HTTP Status	Code	Notes
400	H0001	パラメータ不正
400	H0010	非対応フォーマット
401	H0002	無効トークン
413	H0005	サイズ超過
413	H0006	長さ超過
429	A0001	使用量超過
429	A0002	同時処理超過
500	E500	サーバーエラー

失敗例:

{"code":"H0001","msg":"unexpected end of JSON input"}

2) [GET] /v1/transcribe/{TRANSCRIBE_ID}

POST で返された TRANSCRIBE_ID に対する結果を取得します。

HTTP リクエスト

GET https://openapi.vito.ai/v1/transcribe/{TRANSCRIBE_ID}

リクエストヘッダー

Authorization: Bearer {YOUR_JWT_TOKEN}

サンプル

cURL
Python
Java

get_transcript.sh
curl -X "GET" \
  "https://openapi.vito.ai/v1/transcribe/${TRANSCRIBE_ID}" \
  -H "accept: application/json" \
  -H "Authorization: Bearer ${YOUR_JWT_TOKEN}"

get_transcript.py
import requests

resp = requests.get(
    "https://openapi.vito.ai/v1/transcribe/" + "{TRANSCRIBE_ID}",
    headers={"Authorization": "bearer " + "{YOUR_JWT_TOKEN}"},
)
resp.raise_for_status()
print(resp.json())

get_transcript.java
import java.io.InputStream;
import java.net.HttpURLConnection;
import java.net.URL;
import java.util.Scanner;

public class GetTranscribeSample {
	public static void main(String[] args) throws Exception {
		URL url = new URL("https://openapi.vito.ai/v1/transcribe/"+"{TRANSCRIBE_ID}");
		HttpURLConnection httpConn = (HttpURLConnection) url.openConnection();
		httpConn.setRequestMethod("GET");
		httpConn.setRequestProperty("accept", "application/json");
		httpConn.setRequestProperty("Authorization", "Bearer {YOUR_JWT_TOKEN}");

		InputStream responseStream = httpConn.getResponseCode() / 100 == 2
				? httpConn.getInputStream()
				: httpConn.getErrorStream();
		Scanner s = new Scanner(responseStream).useDelimiter("\\A");
		String response = s.hasNext() ? s.next() : "";
		s.close();
		System.out.println(response);
	}
}

レスポンス本文（抜粋）

Name	説明	Type	値
id	transcribe id	string
status	ステータス	string	`transcribing`, `completed`, `failed`
results.utterances	発話配列	array
results.utterances.start_at	開始時刻(ms)	integer
results.utterances.duration	継続時間(ms)	integer
results.utterances.msg	テキスト	string
results.utterances.spk	話者/チャネル id	integer
results.utterances.lang	言語	string	ISO 639-1

ヒント

長時間ファイル対応のためポーリング方式です。
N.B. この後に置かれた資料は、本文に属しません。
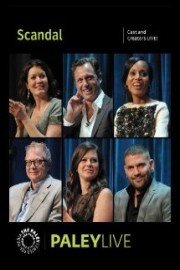 Scandal: Cast and Creators Live at the Paley Center poster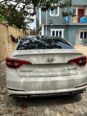 2017 Hyundai Sonata: Smooth Luxury, 168k KM, Lagos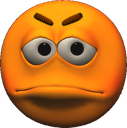 angry Discord emoji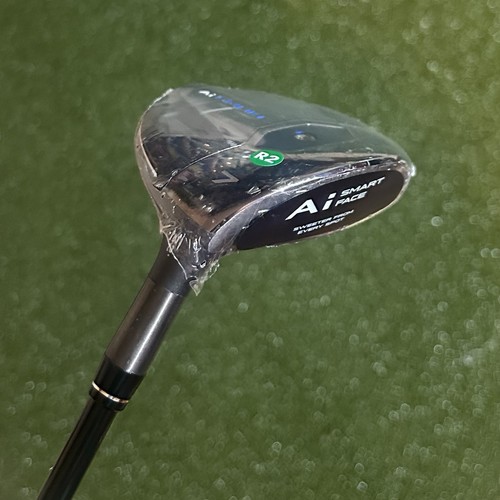 NEW Callaway AI Smoke Max Fast 7 Wood Tensei Blue/Silver Senior Flex Shaft +HC - Picture 3 of 12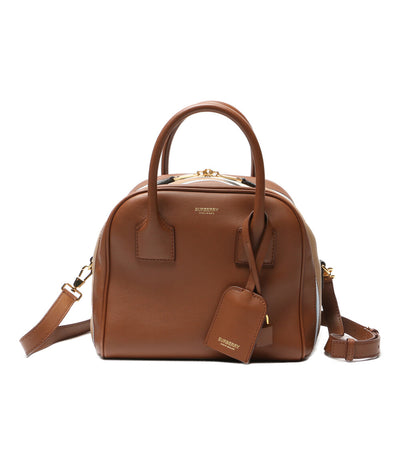 バーバリー  ショルダーバッグ キューブバッグ      レディース   BURBERRY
transcribing の場合は 5 秒程度の間隔で最終状態まで取得してください。短すぎる間隔は 429 を招く可能性があります。

Unified example

In the example script below, you can combine the desired settings with the PRESET environment variable. The default is sommers_basic.

Python (recommended)

transcribe.py
import json
import os
import time
from typing import Any, Dict, Optional

import requests


class RTZROpenAPIClient:
    """Minimal client for RTZR OpenAPI (auth + STT file).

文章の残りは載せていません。